In 2015 the Ordinary Boys returned with an almost entirely ignored self-titled pop-punk album – “a great record, but we didn’t engage with it” – and two years later, Preston nearly died the night before a songwriting camp in Denmark. Drunk on free champagne, he took a sleeping pill and fell off a second floor balcony. Airlifted to hospital, he was told he would never walk again.
“I remember just thinking, ‘Come on, don’t be daft,’” he says. He was using a wheelchair for six months and has several metal plates in his body: he stands up and pulls down one side of his trousers to reveal a huge scar running all the way down his leg. He says he’s now in better shape than ever, but in recovery he became addicted to OxyContin. “I got four different doctors to prescribe me the amount I was allowed,” he smiles ruefully. “I’m an idiot for doing that.” After a year of “dread and horror”, he went cold turkey. “I had a weekend where I vomited and shook in bed, fitting. It was awful.”
He wrote a song about his accident called Live Forever. He gave it to his good friend and collaborator Payne: the One Direction singer released his version in 2019. “And then he falls off a balcony and dies,” says Preston, shaking his head in disbelief. “There are certain things that happen in your life where you just cannot believe this is a real set of circumstances.”

He says Payne “was a very funny, sweet, kind guy. Misunderstood. A great talent.” But he recognises the songs Payne co-wrote with him were often “undisguised cries for help”. The pair would discuss the pressures of fame together. “I saw a lot of him in me, because we both suffered. I massively wish I’d been able to do more. But as for some kind of intervention, I don’t think I [had that role] in his life.” He says Live Forever “was me trying to say, ‘Look, man, this thing happened to me.’ But it’s hard to give people advice if they’re not ready to receive it.”

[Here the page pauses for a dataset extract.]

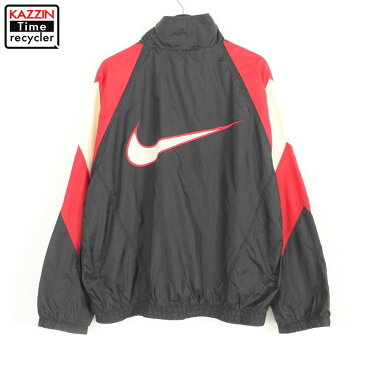 90s ナイキ NIKE ビッグスウォッシュ ジップアップ ナイロン ジャケット 古着 ★ 表記Lサイズ ビッグサイズ オーバーサイズ ブラック レッド ホワイト 2109ss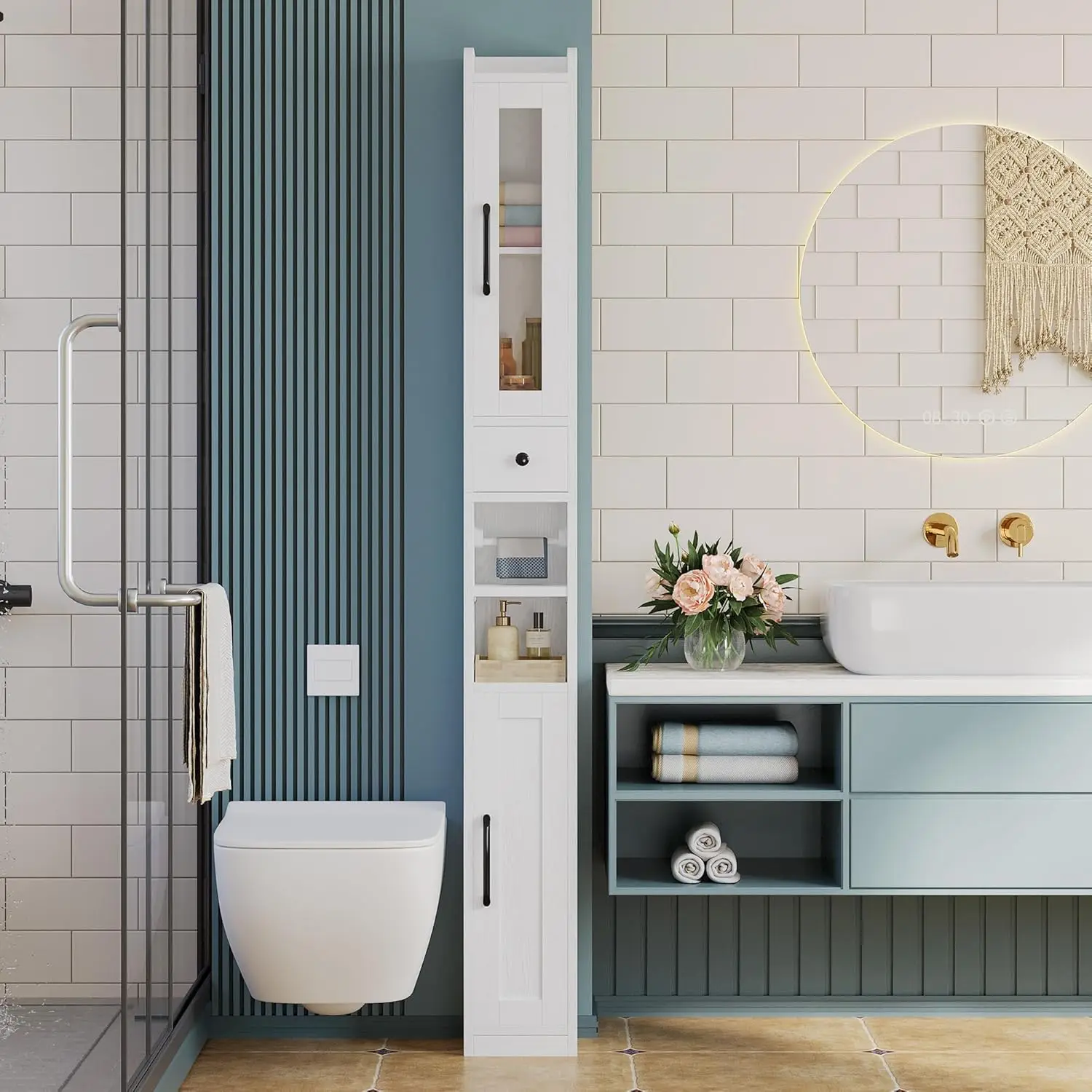 

Tall Bathroom Cabinet with Drawer and Door, 71" H Slim Freestanding Narrow Storage Cabinet with Adjustable Shelves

For the last three years, Preston has lived in LA (“the land of inequality”) writing hits for Sum 41 and K-pop band Tomorrow X Together. But he recently asked himself: what would really make me happy? “With the songwriting, I felt as if I was following someone else’s dream. I’ve had 20 years of fucking around in studios trying to write music I didn’t necessarily like.”
As for regrets, he says: “I see my peers that have carried on” – mid-00s NME bands such as the Kooks and the Wombats – “are selling out huge arenas.” It sounds as if he’s still courting the fame he professes to despise, but he makes a distinction. “I like people being into my music. Being a famous musician is totally different. If I’d put in more hard work maybe I could have done that instead, and I would be in a very different position.”
After Peer Pressure – “me trying to write the quintessential Ordinary Boys song” – he’s currently working on the band’s comeback album. “The main thing in my life now is making some really good shit.” He says it’ll be political, about “the things I feel passionate about”: billionaires, AI, the manosphere, “the general hellscape that the world has become”.
He admits to being unsure how the comeback will go. “I’ve had a very confusing career. I’ve alienated my fanbase over and over again.” But he’s finally committed to the Ordinary Boys once more. “This has focus,” he says. “I want to do it again. I want to do it bigger. I’m really ready.”